How the Web Has Changed Job Searching


The Internet has changed a lot of things over the past decade or two—including how we search for jobs. Sure, the basics are the same: Find an opening and apply for it. But the Web has permanently altered the employment process. And with more than 1.2 million info tech jobs lost this year, according to the U.S. Bureau of Labor Statistics, a lot of people are going to be using every tool they can get to find their next job.

While networking is (and has traditionally been) the best way to find a new job, the second-most effective tool is another type of networking: sites like LinkedIn, Facebook, and Twitter, according to a poll released Aug. 17 by placement firm Challenger, Gray & Christmas. Old-school employment search tricks like attending job fairs and reading newspaper classifieds got the lowest ratings. Here's how the Web is changing how we look for jobs.

Social networking sites are exploding in popularity, as people look to connect with pretty much everyone they know, from friends to co-workers to potential employers. Facebook claims it has more than 250 million users; Twitter's traffic has grown tenfold in the past year; and LinkedIn—while not as flashy as its social networking brethren—is perhaps the most useful of the bunch for job hunting because of its employment- and recommendation-focused profiles. It's seen its total visitors double since last year.

Fun with Fund-Raising Employment-focused Web sites have been popular with VCs as well as job seekers. Job search engine Simply Hired recently raised $4.6 million in a fourth round of funding, and Glassdoor, an anonymous employer and salary review site, raised a $6.5 million Series B round last fall.

At the same time, it's estimated that privately held Craigslist will generate more than $100 million in revenue this year, a 24% jump over the 2008 estimate, with much of that revenue coming from job listings. Meanwhile, for America's newspapers, total revenue from job listings, a former cash cow for the industry, dropped 42.5% in 2008, to $2.2 billion, the worst drop in history, according to the Newspaper Association of America.

Other job search sites, like Monster.com and CareerBuilder, which charge significantly more than Craigslist to list jobs, are also seeing huge increases in traffic, with 33% more visits overall, according to ComScore. Yahoo has reportedly been looking for a buyer for its HotJobs site, and given the growth of the sector, will probably make a pretty penny as newly installed Yahoo CEO Carol Bartz looks to shed "noncore" assets.

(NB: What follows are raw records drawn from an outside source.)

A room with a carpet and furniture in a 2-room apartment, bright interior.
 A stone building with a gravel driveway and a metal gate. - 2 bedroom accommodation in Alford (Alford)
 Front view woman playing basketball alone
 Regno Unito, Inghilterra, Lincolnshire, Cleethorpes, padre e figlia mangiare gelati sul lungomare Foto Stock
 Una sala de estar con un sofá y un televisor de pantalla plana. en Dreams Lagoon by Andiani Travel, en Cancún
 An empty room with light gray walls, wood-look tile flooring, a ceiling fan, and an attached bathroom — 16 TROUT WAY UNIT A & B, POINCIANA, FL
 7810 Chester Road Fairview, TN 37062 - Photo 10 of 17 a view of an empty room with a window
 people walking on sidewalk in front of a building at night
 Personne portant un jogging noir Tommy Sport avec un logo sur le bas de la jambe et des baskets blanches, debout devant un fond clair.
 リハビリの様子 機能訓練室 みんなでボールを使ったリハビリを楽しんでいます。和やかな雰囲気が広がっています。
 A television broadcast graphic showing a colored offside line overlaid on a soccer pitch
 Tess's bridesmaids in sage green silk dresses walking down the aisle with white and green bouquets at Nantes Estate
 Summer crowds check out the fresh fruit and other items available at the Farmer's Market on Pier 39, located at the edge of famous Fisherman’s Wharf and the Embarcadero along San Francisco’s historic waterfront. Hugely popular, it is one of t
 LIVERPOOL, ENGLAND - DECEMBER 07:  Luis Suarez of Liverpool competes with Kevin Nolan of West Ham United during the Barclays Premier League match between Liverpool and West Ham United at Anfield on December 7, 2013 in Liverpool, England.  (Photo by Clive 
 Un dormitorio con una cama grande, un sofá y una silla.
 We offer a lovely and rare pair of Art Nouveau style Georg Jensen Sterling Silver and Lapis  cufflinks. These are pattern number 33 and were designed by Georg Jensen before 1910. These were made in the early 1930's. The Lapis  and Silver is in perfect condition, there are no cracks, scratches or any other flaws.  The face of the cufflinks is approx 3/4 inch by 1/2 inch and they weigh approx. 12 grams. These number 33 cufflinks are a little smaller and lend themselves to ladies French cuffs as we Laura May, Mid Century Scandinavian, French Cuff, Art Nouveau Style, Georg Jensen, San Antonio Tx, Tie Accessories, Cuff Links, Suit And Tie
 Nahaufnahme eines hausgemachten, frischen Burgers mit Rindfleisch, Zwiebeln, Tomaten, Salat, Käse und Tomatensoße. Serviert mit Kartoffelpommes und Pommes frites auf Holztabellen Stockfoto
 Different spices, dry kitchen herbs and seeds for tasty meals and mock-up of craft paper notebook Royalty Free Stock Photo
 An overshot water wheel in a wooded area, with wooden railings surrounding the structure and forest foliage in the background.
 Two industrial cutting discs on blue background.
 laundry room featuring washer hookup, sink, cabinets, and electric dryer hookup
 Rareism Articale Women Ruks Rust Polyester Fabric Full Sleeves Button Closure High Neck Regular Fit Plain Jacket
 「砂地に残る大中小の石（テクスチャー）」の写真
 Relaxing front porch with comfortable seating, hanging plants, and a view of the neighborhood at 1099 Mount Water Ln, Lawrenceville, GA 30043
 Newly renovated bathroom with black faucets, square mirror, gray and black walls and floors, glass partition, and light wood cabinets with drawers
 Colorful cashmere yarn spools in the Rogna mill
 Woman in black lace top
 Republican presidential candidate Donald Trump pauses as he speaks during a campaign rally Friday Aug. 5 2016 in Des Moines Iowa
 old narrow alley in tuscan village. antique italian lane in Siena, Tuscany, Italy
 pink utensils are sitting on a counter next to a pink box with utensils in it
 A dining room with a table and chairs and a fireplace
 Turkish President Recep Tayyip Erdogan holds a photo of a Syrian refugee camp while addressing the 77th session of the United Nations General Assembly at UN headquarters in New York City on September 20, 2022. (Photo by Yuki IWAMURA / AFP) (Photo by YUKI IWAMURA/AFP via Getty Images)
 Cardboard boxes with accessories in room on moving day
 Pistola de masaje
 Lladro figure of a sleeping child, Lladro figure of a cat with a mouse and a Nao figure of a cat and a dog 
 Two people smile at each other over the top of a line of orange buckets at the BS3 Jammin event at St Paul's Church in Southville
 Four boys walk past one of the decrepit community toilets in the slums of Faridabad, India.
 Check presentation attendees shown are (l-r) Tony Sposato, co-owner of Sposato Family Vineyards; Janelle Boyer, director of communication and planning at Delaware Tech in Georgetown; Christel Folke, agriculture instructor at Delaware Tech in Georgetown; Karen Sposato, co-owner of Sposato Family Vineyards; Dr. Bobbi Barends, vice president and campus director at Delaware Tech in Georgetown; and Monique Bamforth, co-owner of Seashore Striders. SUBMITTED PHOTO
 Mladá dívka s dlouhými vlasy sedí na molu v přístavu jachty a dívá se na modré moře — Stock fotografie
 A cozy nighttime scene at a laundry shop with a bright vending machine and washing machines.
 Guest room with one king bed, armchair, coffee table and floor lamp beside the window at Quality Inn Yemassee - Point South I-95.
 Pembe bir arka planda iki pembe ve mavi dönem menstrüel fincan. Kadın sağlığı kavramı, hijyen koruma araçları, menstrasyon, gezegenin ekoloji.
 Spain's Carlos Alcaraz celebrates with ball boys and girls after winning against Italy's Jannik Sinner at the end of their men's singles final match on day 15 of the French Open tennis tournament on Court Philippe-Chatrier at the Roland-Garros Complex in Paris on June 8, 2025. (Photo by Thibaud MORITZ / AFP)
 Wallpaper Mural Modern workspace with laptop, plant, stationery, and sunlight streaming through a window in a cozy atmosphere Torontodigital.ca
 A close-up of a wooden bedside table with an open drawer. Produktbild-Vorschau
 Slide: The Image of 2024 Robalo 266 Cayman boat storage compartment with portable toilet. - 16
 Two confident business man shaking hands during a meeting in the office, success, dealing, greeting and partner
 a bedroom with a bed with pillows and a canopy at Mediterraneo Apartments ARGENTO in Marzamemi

The Internet is definitely making a huge impact on how we search for jobs, but as the Challenger survey notes, the ease of sending out shotgun blasts of résumés and hoping one hits the right recruiter is making things much more difficult for employers as well. "[F]or every qualified candidate who comes in from the Internet, there are 10 to 20 who do not even come close to being a good fit," said John A. Challenger, CEO of Challenger, Gray & Christmas. "Those who rely on one tool [for their job search]…will take longer to find a position. The problem with the ease and accessibility of the Internet is that many job seekers make it their primary job search tool."